Südkoreas Börsenindex
Kospi knackt 2 000er-Marke

Der südkoreanische Aktienindex Kospi hat im Tageshoch vom gestrigen Dienstag die Marke von 2 000 Punkten überschritten. Mit einem Wachstum von rund 39 Prozent seit Jahresbeginn gehört die Börse in der Hauptstadt Seoul damit zu den dynamischsten Märkten in Asien.

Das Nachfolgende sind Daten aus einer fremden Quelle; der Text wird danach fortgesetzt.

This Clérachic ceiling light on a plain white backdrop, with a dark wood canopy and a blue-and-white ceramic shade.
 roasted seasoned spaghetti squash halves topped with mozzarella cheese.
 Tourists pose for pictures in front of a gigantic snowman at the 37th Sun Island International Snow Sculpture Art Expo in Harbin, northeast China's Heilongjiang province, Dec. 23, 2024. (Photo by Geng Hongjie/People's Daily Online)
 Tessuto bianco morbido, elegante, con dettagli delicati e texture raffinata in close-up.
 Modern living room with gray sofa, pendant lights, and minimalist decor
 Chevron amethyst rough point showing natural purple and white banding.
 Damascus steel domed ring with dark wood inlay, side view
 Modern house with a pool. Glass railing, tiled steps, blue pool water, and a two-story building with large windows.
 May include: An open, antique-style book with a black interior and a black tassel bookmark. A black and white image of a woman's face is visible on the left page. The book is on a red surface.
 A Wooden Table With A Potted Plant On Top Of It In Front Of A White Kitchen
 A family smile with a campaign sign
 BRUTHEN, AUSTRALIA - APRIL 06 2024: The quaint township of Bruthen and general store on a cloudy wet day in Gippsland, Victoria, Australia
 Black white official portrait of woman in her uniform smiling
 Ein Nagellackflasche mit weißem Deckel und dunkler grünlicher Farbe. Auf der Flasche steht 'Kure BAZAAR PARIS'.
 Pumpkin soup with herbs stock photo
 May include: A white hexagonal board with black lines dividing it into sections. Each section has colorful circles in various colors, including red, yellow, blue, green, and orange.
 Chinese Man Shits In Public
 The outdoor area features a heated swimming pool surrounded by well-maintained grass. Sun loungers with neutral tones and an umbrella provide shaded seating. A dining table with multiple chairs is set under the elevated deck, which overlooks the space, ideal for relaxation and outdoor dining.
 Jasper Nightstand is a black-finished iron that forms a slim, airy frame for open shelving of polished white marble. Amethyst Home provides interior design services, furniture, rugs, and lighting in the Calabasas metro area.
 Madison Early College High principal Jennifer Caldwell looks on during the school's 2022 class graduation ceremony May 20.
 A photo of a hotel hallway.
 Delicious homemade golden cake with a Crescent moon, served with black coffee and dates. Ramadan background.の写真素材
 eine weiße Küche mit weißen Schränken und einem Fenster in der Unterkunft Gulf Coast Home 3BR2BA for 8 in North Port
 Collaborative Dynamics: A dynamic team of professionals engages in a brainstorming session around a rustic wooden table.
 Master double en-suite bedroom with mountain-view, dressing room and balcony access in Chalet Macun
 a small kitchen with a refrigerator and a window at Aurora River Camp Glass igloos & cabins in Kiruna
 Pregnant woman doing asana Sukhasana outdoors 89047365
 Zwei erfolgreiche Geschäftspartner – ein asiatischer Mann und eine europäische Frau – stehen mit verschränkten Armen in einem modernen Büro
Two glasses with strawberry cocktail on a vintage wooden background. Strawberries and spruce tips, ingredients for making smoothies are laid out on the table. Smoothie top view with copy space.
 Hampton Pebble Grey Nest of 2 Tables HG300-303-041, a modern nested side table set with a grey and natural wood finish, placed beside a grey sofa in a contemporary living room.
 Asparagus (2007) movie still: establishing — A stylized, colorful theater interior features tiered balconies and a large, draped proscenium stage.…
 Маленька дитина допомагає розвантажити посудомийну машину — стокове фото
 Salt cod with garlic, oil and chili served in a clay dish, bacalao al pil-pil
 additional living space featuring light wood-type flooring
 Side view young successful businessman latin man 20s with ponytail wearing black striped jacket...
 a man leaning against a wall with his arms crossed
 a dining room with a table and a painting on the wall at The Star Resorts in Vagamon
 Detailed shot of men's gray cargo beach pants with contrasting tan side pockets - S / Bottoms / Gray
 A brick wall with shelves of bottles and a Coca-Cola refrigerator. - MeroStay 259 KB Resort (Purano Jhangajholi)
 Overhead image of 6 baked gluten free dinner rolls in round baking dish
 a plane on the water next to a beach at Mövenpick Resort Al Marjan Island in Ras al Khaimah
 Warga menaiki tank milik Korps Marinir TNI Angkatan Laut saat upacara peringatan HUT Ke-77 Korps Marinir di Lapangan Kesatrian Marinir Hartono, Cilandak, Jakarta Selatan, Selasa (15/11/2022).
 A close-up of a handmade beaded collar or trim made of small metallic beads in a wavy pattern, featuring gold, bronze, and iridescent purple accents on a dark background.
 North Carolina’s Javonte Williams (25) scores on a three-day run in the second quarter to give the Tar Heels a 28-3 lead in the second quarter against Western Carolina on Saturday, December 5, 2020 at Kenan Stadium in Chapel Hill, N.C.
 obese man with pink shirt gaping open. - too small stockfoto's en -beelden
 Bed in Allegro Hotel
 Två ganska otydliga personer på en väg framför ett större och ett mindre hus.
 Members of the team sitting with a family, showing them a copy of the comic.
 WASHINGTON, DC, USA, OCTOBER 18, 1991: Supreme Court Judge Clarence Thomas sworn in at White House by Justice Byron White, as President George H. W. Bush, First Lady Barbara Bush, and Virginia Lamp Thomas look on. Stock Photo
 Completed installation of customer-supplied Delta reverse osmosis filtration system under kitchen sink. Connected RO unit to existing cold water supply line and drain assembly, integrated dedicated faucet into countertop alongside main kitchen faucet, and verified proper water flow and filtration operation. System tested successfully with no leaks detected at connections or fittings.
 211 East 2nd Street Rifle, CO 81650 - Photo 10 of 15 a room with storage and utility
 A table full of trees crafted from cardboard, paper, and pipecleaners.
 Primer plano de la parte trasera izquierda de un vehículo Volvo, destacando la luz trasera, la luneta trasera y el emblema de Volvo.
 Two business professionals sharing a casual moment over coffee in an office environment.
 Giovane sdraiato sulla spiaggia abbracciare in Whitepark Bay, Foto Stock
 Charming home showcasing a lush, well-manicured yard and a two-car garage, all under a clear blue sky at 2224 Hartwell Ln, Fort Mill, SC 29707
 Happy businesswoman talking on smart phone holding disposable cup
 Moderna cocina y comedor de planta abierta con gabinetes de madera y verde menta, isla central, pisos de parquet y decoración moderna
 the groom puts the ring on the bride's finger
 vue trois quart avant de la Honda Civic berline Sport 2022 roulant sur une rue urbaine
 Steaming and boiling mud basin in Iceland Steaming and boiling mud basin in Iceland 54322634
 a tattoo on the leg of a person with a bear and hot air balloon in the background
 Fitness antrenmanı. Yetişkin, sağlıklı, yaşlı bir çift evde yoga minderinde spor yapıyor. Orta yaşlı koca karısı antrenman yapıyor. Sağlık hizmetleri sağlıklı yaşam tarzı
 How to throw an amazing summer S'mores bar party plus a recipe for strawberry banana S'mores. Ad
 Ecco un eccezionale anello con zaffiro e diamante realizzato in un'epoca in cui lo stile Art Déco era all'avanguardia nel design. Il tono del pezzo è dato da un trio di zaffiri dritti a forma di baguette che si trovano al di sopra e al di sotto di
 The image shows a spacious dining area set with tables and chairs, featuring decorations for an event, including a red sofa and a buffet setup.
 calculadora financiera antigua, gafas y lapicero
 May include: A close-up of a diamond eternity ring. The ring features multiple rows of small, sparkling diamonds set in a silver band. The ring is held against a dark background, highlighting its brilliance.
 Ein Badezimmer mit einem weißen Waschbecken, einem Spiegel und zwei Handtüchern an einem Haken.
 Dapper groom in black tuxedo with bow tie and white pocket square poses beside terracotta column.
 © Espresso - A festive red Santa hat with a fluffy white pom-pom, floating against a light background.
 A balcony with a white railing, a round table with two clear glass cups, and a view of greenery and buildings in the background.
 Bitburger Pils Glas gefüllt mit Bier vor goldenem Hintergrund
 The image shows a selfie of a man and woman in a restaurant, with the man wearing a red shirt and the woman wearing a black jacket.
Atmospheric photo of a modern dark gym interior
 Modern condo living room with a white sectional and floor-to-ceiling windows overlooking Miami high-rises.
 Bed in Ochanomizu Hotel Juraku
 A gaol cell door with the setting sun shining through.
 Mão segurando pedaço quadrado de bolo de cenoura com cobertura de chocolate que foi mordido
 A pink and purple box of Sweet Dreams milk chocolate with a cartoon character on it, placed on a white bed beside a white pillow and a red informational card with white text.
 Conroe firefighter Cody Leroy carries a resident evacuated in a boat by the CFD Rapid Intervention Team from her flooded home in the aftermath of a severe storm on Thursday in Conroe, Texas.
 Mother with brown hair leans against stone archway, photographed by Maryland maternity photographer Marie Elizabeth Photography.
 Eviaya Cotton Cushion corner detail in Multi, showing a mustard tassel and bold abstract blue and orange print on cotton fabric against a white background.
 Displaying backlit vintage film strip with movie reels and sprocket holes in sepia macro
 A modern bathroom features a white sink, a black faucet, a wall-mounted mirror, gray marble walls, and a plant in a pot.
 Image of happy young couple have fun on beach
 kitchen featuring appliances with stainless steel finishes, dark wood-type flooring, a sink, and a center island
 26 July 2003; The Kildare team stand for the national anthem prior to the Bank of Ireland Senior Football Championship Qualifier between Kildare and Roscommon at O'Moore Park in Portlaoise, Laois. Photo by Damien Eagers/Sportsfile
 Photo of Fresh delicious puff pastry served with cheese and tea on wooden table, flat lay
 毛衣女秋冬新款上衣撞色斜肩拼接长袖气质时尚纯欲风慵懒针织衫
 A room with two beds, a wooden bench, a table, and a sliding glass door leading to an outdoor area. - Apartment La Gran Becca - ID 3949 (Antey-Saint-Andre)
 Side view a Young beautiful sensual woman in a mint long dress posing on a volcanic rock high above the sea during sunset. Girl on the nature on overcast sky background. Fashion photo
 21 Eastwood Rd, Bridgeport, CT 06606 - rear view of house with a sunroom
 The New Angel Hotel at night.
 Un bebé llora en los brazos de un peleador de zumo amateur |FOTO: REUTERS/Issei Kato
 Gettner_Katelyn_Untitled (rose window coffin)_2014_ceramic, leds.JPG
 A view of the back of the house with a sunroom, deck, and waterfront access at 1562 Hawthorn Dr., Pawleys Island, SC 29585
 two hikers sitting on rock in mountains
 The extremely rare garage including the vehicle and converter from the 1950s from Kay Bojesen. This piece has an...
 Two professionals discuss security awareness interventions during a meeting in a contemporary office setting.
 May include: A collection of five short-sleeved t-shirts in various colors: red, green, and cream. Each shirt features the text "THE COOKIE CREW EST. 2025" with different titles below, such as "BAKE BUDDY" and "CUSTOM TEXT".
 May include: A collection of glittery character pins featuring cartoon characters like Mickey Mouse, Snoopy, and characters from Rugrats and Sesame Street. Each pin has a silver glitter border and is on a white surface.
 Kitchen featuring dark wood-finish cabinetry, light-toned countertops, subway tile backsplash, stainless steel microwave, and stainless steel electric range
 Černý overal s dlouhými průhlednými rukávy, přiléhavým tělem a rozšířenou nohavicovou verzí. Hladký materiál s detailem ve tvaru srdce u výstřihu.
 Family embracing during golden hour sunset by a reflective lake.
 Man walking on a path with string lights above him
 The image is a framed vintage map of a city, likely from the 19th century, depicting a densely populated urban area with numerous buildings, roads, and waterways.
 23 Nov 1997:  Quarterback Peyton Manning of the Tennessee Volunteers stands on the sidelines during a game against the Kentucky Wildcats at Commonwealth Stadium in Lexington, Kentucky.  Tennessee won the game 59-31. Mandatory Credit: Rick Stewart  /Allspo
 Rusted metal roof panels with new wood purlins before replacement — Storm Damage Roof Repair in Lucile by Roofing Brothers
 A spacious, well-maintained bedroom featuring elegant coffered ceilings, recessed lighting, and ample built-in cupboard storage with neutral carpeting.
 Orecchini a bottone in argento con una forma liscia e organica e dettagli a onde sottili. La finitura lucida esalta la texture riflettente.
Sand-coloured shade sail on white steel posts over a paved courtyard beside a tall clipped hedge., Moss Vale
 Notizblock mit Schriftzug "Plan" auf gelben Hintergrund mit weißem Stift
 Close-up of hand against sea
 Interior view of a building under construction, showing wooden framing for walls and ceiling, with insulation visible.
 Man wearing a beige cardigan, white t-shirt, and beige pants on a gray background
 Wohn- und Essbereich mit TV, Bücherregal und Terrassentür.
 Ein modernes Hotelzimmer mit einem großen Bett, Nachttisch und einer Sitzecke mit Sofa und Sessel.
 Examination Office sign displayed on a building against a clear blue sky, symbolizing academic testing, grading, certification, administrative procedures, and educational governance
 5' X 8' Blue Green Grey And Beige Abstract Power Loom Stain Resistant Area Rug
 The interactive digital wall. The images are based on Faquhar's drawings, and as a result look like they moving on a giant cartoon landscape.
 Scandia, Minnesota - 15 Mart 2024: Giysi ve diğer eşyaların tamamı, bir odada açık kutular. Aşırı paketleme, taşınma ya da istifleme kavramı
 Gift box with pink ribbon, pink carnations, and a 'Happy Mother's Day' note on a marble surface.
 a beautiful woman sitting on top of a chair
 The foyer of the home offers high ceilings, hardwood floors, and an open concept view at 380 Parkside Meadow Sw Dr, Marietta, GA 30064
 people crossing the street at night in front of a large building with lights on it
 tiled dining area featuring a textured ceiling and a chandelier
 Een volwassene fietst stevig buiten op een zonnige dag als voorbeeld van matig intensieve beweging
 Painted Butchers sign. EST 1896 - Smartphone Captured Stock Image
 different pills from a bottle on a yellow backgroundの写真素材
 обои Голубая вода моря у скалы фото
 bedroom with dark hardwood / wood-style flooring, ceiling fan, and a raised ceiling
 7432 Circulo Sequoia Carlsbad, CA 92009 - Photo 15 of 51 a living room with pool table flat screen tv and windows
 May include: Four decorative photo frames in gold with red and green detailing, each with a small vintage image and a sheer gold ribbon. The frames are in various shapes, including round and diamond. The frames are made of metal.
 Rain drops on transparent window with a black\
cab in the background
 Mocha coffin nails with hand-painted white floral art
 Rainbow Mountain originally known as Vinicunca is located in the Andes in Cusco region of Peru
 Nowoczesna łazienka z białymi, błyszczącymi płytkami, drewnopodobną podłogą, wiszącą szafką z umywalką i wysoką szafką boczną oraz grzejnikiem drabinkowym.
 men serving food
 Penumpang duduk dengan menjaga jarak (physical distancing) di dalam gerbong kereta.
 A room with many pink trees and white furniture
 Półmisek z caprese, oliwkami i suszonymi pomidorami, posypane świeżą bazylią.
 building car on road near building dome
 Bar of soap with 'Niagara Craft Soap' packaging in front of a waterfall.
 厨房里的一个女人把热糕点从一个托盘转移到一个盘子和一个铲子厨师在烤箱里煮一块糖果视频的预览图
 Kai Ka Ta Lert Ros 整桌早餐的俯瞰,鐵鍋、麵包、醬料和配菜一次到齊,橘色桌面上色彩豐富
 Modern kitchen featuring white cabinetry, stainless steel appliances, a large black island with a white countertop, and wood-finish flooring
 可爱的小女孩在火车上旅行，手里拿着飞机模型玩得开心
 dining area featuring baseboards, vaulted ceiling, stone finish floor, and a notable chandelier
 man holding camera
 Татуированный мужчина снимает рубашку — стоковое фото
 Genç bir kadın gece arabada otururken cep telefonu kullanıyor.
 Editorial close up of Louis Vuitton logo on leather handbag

Bloomberg SEOUL. Angetrieben wird der Aktienmarkt von der florierenden Inlandskonjunktur und dem starken Wachstum des Exports südkoreanischer Industrieprodukte, vor allem nach China. Und die hohe Liquidität des südkoreanischen Marktes deutet laut Experten einen weiteren Anstieg an. Zu den Schrittmachern der jüngsten Erholung zählen die Titel von Posco, dem drittgrößten Stahlkonzern in Asien, und vom weltweit führenden Werftkonzern Hyundai Heavy Industries. Mit dem steigenden Bedarf für Rohstoffe und Materialien wie Stahl aus China steigt der Auftragsbestand von Stahlherstellern. Zudem wächst der Bedarf für Transportkapazitäten, was Schiffswerften bevorteilt.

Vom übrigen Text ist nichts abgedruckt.